# How much No Planaria is needed to kill MTS snails?



## Complexity (Jan 30, 2008)

I've read that people have had success using No Planaria to kill Malaysian Trumpet Snails from their tanks with no harm to fish, inverts, plants, or bacteria. This is like a dream come true, and I'd like to give it a try.

I'm about to tear apart my 75g in order to replace the substrate because it is so full of MTS snails (including a zillion empty shells). This would be the perfect time to give No Planaria a try so I can eradicate the MTS from the filters and equipment.

Does anyone have any idea how much No Planaria is needed to kill MTS snails? I'm wanting to use it on my 75g tank.


----------



## dmagerl (Feb 2, 2010)

I used it on pond snails, not MTS. I just followed the multi-day dosing schedule on the package.

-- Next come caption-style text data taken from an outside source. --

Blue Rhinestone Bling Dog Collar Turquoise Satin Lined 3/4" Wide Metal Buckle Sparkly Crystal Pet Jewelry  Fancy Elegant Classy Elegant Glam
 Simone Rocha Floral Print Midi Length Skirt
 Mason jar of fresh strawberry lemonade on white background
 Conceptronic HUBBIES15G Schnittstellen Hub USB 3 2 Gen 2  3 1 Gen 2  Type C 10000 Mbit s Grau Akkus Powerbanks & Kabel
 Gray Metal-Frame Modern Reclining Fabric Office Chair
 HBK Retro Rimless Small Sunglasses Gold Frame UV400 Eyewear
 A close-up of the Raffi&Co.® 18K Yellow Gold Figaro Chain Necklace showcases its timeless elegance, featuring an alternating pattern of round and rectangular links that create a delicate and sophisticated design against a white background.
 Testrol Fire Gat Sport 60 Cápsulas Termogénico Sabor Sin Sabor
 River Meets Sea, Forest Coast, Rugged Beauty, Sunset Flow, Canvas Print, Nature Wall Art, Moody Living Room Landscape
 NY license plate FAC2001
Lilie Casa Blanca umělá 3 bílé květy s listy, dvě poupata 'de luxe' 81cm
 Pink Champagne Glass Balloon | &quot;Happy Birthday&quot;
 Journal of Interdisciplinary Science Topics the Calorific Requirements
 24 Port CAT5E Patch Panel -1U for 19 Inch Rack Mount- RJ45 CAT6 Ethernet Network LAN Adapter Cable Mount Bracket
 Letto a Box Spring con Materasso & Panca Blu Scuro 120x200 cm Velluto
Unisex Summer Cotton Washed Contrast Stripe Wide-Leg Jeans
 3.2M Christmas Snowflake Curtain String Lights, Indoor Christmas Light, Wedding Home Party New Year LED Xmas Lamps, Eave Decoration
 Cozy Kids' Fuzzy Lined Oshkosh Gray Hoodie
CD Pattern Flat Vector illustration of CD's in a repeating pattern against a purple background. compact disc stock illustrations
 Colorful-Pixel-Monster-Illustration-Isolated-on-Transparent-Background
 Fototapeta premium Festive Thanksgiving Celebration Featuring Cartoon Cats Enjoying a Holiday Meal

This article implies its a neural paralytic which sort of agrees with what I saw in the tank
http://docsdrive.com/pdfs/academicjournals/rjmp/2011/145-152.pdf

The snails sort of just hang out of their shells and flop around. It takes several days to kill them so I would dose right after your regular water change to get maximum exposure until the next water change. Dont expect to see an immediate massacre. It sort of happens in slow motion.

The water turns initially cloudy but turns clear after a couple hours. It also becomes somewhat foamy.

Also, do a second dose several weeks after the first to catch any stragglers.


----------



## they call me bruce (Feb 13, 2011)

I have mts in a 45 corner I put in just to assasins and they did a number in just a few days
I mean cause some mts are good for the substrate


----------



## LB79 (Nov 18, 2011)

If you have a snail problem, just like algae, it's a sign that something is out of balance. When I had absurdly high MTS and pond snail numbers, I cut way way way back on the feeding, and they virtually all but disappeared. They're good for a tank. Just cut back on that food!


----------



## reddhawkk (Dec 28, 2011)

How big are the shells? Just curious as I am looking for homes for some Tanganyikan shell dwellers.


----------



## Hcancino (Jun 18, 2011)

That's why all mine disappeared  funny how it didn't affect the ramshorn/tiny ramshorn snails at all grrrrrr


----------



## plantbrain (Dec 15, 2003)

They are annoying if you do not want them, other snails are fairly easy to get rid of, MTS's.......much harder.

Over feeding etc...........if you have bottom dwelling shy nocturnal fish....the MTS will live no matter how sparingly you add food.

It's not a balance issue in that case.

I have a few in mty 180, never have been able to get rid out them, even with massive Assassin Snail additions.


----------



## Complexity (Jan 30, 2008)

dmagerl said:


> I used it on pond snails, not MTS. I just followed the multi-day dosing schedule on the package.
> 
> This article implies its a neural paralytic which sort of agrees with what I saw in the tank
> http://docsdrive.com/pdfs/academicjournals/rjmp/2011/145-152.pdf
> ...


Thank you for the information. That's very helpful. Sounds like my best bet is to remove the existing substrate, treat for MTS for a week or so to ensure that I got the babies from the filtration, and then put in the new substrate.



reddhawkk said:


> How big are the shells? Just curious as I am looking for homes for some Tanganyikan shell dwellers.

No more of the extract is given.